══ RAW DATA
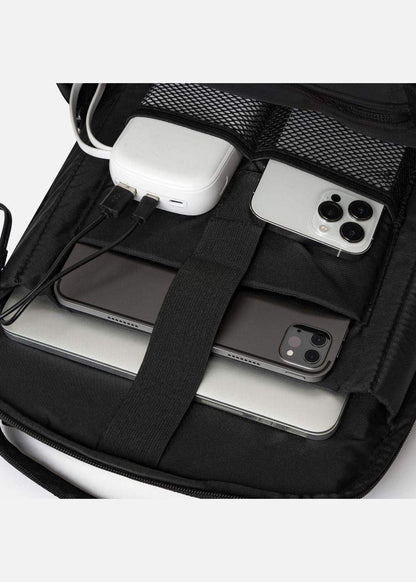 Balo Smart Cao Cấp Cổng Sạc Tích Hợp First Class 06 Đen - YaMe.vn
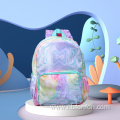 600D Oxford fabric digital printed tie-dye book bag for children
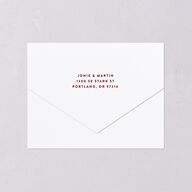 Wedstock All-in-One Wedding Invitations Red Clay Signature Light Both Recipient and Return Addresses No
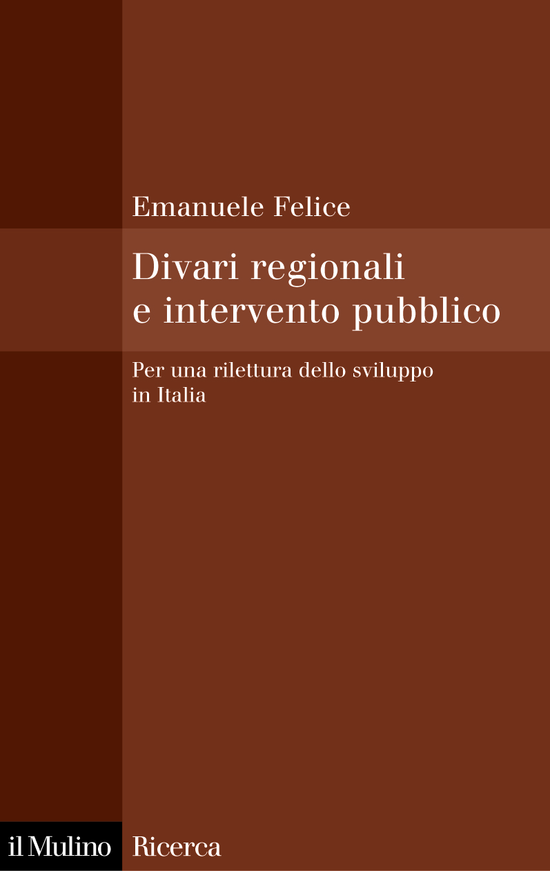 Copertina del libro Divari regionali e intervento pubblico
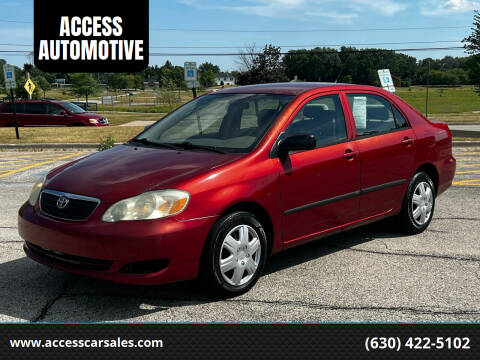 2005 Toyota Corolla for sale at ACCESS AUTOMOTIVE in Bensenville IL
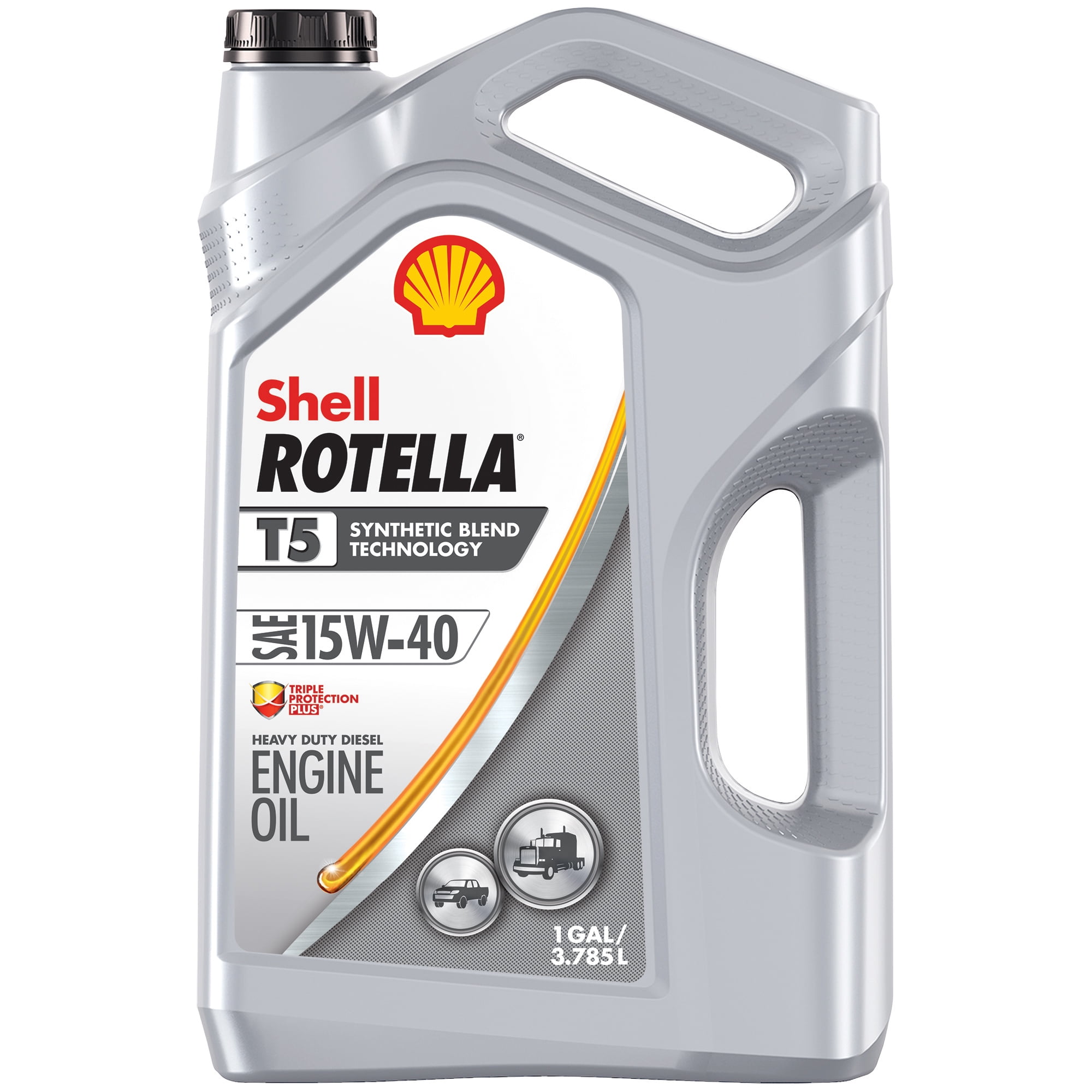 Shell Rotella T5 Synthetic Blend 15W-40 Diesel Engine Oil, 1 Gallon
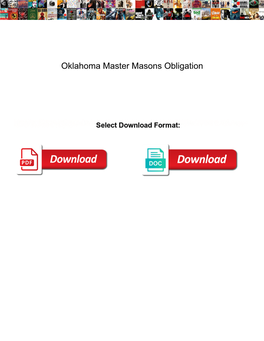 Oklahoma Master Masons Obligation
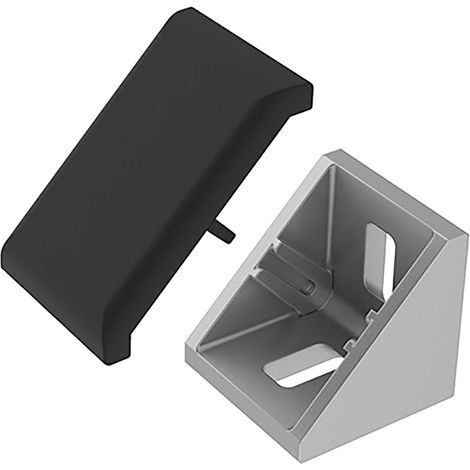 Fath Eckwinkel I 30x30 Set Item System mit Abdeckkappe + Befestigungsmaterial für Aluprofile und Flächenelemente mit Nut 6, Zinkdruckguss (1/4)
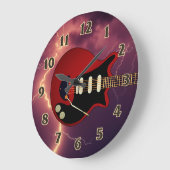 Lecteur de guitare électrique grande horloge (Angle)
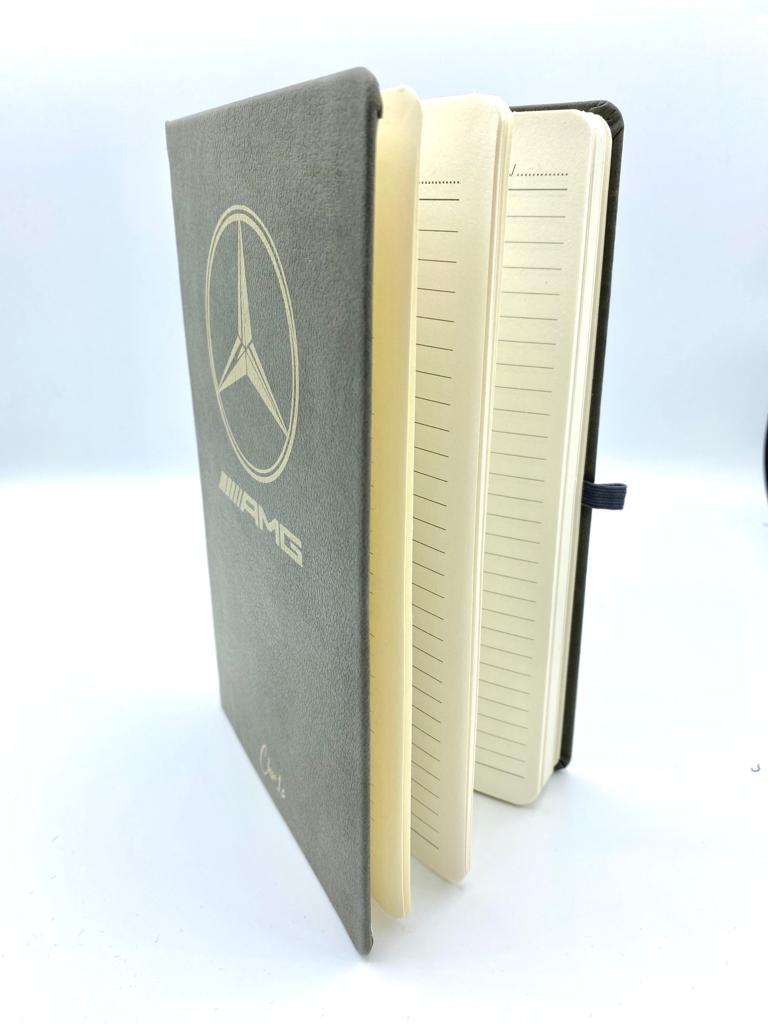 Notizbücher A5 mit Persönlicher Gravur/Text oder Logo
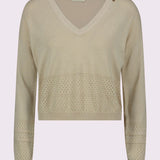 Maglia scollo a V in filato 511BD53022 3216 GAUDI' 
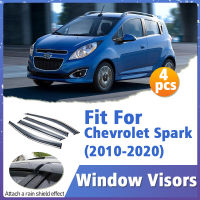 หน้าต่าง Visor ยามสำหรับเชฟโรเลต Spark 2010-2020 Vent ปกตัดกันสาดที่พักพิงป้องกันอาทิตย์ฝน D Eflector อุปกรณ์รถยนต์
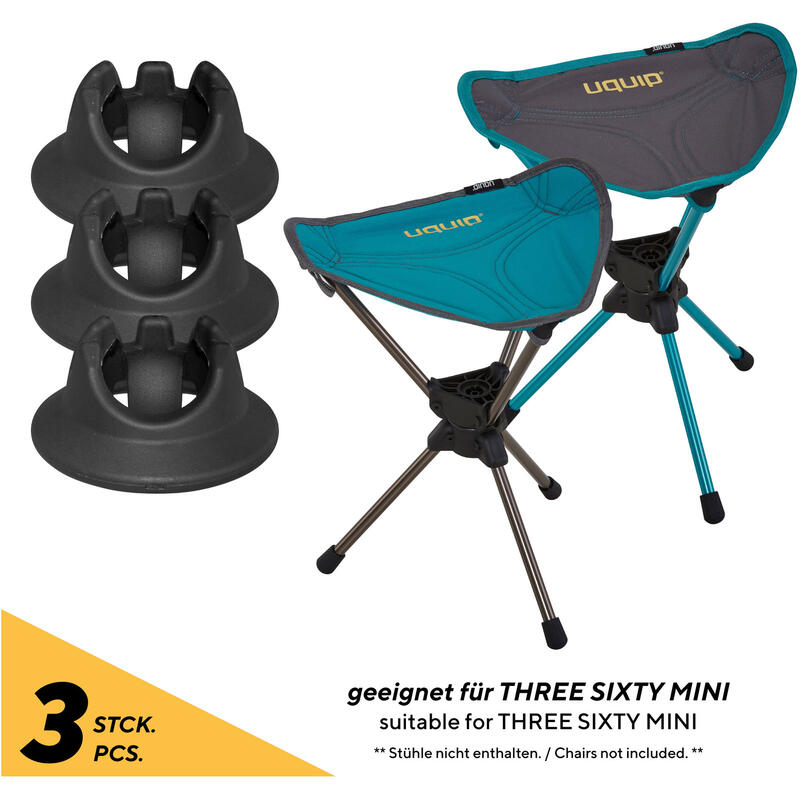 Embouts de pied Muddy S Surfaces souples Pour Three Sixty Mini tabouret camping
════
PROBLEM TO SOLVE: Print the records above word for word, omitting any picture they contain.

RESPONSE TO THIS TASK:
 Balo Smart Cao Cấp Cổng Sạc Tích Hợp First Class 06 Đen - YaMe.vn
 600D Oxford fabric digital printed tie-dye book bag for children
 Wedstock All-in-One Wedding Invitations Red Clay Signature Light Both Recipient and Return Addresses No
 Copertina del libro Divari regionali e intervento pubblico
 2005 Toyota Corolla for sale at ACCESS AUTOMOTIVE in Bensenville IL
 Shell Rotella T5 Synthetic Blend 15W-40 Diesel Engine Oil, 1 Gallon
 Oklahoma Master Masons Obligation
 Fath Eckwinkel I 30x30 Set Item System mit Abdeckkappe + Befestigungsmaterial für Aluprofile und Flächenelemente mit Nut 6, Zinkdruckguss (1/4)
 Lecteur de guitare électrique grande horloge (Angle)
 Notizbücher A5 mit Persönlicher Gravur/Text oder Logo
 Maglia scollo a V in filato 511BD53022 3216 GAUDI' 
 หน้าต่าง Visor ยามสำหรับเชฟโรเลต Spark 2010-2020 Vent ปกตัดกันสาดที่พักพิงป้องกันอาทิตย์ฝน D Eflector อุปกรณ์รถยนต์
 Embouts de pied Muddy S Surfaces souples Pour Three Sixty Mini tabouret camping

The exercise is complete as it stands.